I have seen many junior data scientists and machine learning engineers start a new job or a consulting engagement for a telecom company coming from different industries and thinking that it’s yet another project like many others. What they usually don’t know is that “It’s a trap!”.
I spent several years forging telecom data into valuable insights, and looking back, there are a couple of things I would have loved to know at the beginning of my journey. Regardless of the part of the telecom company you are working on, be it radio network optimization, traffic monitoring and anomaly detection, or churn detection and prevention, the issue you’ll immediately get into is access to data sources.
Where to keep the data ?
You are probably used to a large data set residing in a bucket on AWS or Azure. Unfortunately, in many cases, a mobile operator does not have an option to use public cloud whether because of local regulations or security reasons. This makes it very difficult to use modern tooling like Google Big Query. In most cases, databases that you would consider “legacy” and too expensive are still crucial to connect a voice call. You may think, “Ha! I have a powerful desktop with 4 latest nVidia GPUs, so no problem”. While this might be true when working in a secure office environment, when working from home it is impossible to download customer related data to your local machine, even with anonymised PIIs.
Just use Kubernetes
Ok, so what is a viable solution? Every mobile operator is now looking into Virtual Network Functions (VNFs) as well as Containerized Network Functions (CNFs). CNFs don’t see a wide production usage yet, but you can definitely find a Kubernetes environment in the network. Since Kubernetes is planned to be used as a CNF platform, it is meant to be well connected to other important systems, properly secured etc… When you get access to this environment, you can use KubeFlow, a containerized ML Ops solution which provides a straightforward way to deploy best-of-breed open-source systems for machine learning to diverse infrastructures. Thanks to charms, you can install KubeFlow with a single command.

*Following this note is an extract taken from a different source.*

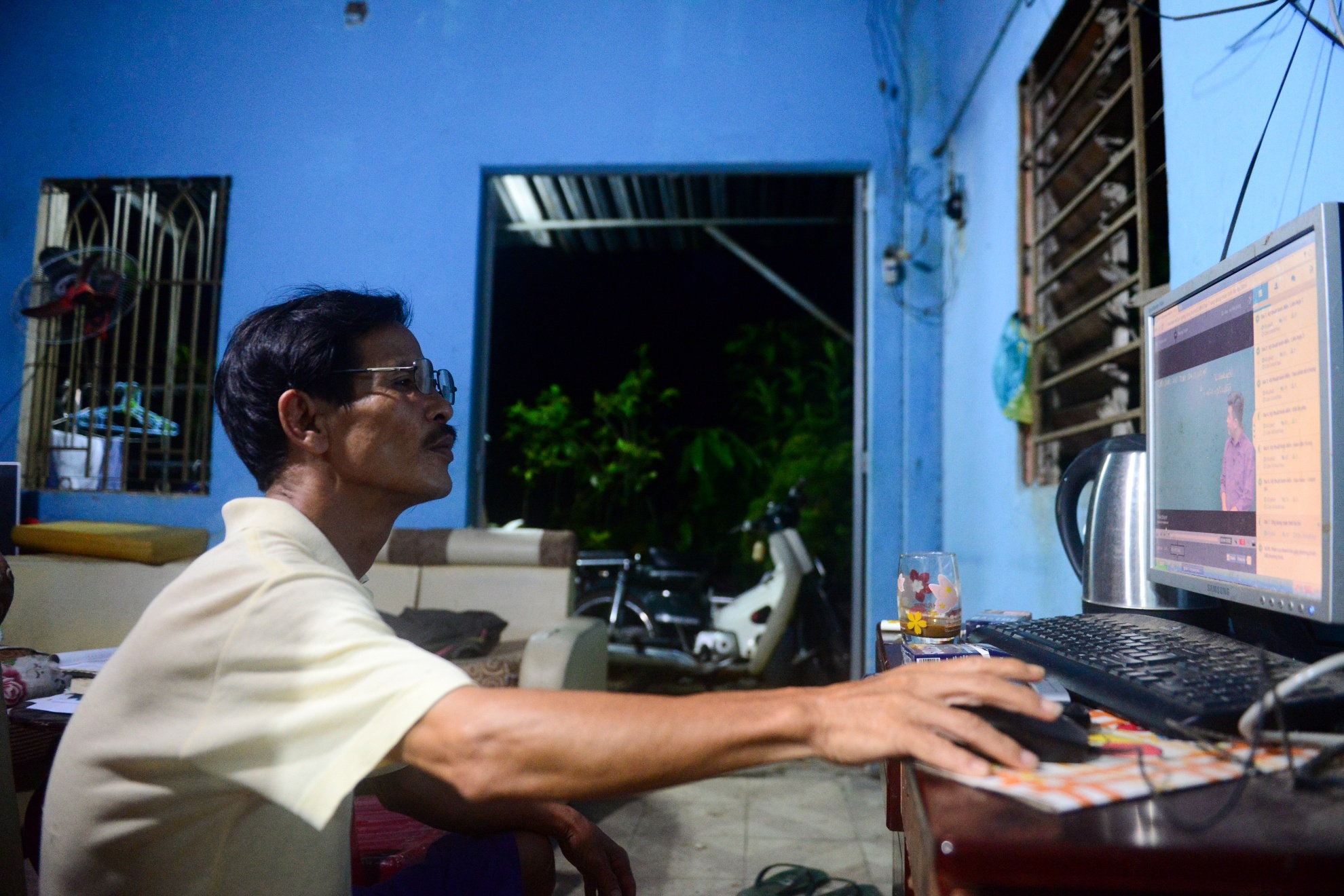 Ba cha con di thi anh 8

After the installation, you can access your familiar Jupyter notebook, nVidia toolkit acceleration, as well as all the other popular tools and frameworks. Kubeflow is also a full ML Ops platform, allowing you to build data pipelines and productize models. You may think now – “Ok, one command and I’m ready to work!”, but remember… It’s a trap! Actually, You may now have an environment to work in, but you are missing the datasets.
Self organizing networks example
The next pitfall is the data itself. In order to narrow it down, let’s focus on Self Organizing Networks or SON, one of the use cases where machine learning is used in telecommunications. In a nutshell, SON is an automation technology designed to accelerate and simplify the planning, configuration, management, optimization and healing of mobile radio access networks. When working on SON, you’ll touch three main areas: self-optimization, self-healing, and self-configuration. In all of these cases your main data would be current and historical configuration, alarms coming from network elements, radio performance metrics in forms of real time, aggregated KPIs, and a ton of metadata. For each and every data type you would have to find a single source of truth. This can be tough because most networks usually have two or more vendors with slightly different ways of configuring and monitoring their equipment. Fortunately, most networks also have an umbrella level system that collects and transforms data into a common format. If you are not working on something that needs to be optimized in real-time, this would be your go to data source.
Productizing the model with Kubeflow
Now that you developed your new model, it is time to test it. If you have chosen the Kubeflow path you can serve a model as an endpoint via any of the serving modules (KFServing).
You can also export a docker container for your devops team to run your model in a testing environment. The superpower of Charmed Kubernetes is a possibility to relate charms to each other. Let’s assume that you have some of your data in ElasticSearch and want to serve them using Kafka because that’s how yout target VNF receives instructions. If you are not proficient with devops, it might be challenging to set this up. However, with charms, you can relate components with a single command and achieve a setup like this in matter of minutes:
Using Kubeflow as your work environment is a great time saver and a best choice for data scientists working in telecom space. It allows you to focus on what’s important – working on your model to deliver more value or some more data cleaning depending if you see a glass half full or empty.A
If you are a data professional working in telco space I would also encourage you join OpenRAN discussions, especially in a sub group – RAN Intelligence & Automation (RIA) where you can influence the future of Machine Learning in telecommunications.